Please take the lines from the one holding "Woodlands House |" through the one holding "Vase peint avec" in the data below and copy them exactly.

(Scraped caption text data)
_____

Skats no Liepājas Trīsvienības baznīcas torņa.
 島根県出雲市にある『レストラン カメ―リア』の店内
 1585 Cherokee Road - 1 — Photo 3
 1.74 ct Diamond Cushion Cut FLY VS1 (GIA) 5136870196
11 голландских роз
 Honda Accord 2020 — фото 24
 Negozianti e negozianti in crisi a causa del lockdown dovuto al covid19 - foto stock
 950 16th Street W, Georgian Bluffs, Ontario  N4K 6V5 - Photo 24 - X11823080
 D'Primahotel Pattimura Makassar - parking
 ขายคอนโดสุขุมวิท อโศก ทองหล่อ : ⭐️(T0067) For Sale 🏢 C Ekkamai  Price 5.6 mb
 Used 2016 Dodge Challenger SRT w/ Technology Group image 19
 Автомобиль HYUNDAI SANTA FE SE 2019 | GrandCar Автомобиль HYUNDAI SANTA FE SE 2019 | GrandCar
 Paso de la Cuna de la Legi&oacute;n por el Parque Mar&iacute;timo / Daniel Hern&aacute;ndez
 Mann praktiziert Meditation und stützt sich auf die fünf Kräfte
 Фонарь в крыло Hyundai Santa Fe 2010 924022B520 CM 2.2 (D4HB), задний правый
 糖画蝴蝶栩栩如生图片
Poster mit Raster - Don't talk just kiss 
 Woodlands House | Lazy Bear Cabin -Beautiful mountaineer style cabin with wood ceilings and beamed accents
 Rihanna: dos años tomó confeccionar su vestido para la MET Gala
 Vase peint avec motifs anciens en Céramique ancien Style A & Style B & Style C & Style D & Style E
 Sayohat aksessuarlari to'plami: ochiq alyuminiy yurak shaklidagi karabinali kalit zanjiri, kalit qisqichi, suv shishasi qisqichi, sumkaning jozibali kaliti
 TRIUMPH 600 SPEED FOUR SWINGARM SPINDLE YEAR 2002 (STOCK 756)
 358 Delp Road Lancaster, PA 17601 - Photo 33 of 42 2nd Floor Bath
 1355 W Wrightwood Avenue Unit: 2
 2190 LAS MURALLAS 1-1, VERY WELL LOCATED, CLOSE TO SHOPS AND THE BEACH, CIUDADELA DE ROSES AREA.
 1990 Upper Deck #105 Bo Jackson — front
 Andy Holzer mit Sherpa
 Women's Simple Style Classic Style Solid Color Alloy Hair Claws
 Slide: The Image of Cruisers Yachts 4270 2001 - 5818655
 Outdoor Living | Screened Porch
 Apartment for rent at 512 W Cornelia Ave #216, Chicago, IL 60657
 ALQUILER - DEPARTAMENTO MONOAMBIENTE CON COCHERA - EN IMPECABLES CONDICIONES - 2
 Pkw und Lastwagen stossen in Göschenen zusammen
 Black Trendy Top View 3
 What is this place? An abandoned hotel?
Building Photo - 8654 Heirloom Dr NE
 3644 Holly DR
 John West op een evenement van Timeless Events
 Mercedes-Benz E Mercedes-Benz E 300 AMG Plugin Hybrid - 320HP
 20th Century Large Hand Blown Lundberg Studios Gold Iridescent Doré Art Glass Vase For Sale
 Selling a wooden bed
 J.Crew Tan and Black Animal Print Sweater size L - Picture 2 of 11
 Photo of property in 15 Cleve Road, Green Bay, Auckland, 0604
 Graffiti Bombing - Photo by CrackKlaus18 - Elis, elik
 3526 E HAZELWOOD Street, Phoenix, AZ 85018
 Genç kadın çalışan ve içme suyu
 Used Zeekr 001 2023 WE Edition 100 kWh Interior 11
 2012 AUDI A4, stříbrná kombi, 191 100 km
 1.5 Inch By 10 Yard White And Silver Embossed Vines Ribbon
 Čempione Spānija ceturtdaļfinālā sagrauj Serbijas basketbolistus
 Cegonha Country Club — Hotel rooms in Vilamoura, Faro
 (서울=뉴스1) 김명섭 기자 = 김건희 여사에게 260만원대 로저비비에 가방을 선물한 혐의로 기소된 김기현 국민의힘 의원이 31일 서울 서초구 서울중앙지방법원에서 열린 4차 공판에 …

_____

• **Answer space**
 Woodlands House | Lazy Bear Cabin -Beautiful mountaineer style cabin with wood ceilings and beamed accents
 Rihanna: dos años tomó confeccionar su vestido para la MET Gala
 Vase peint avec motifs anciens en Céramique ancien Style A & Style B & Style C & Style D & Style E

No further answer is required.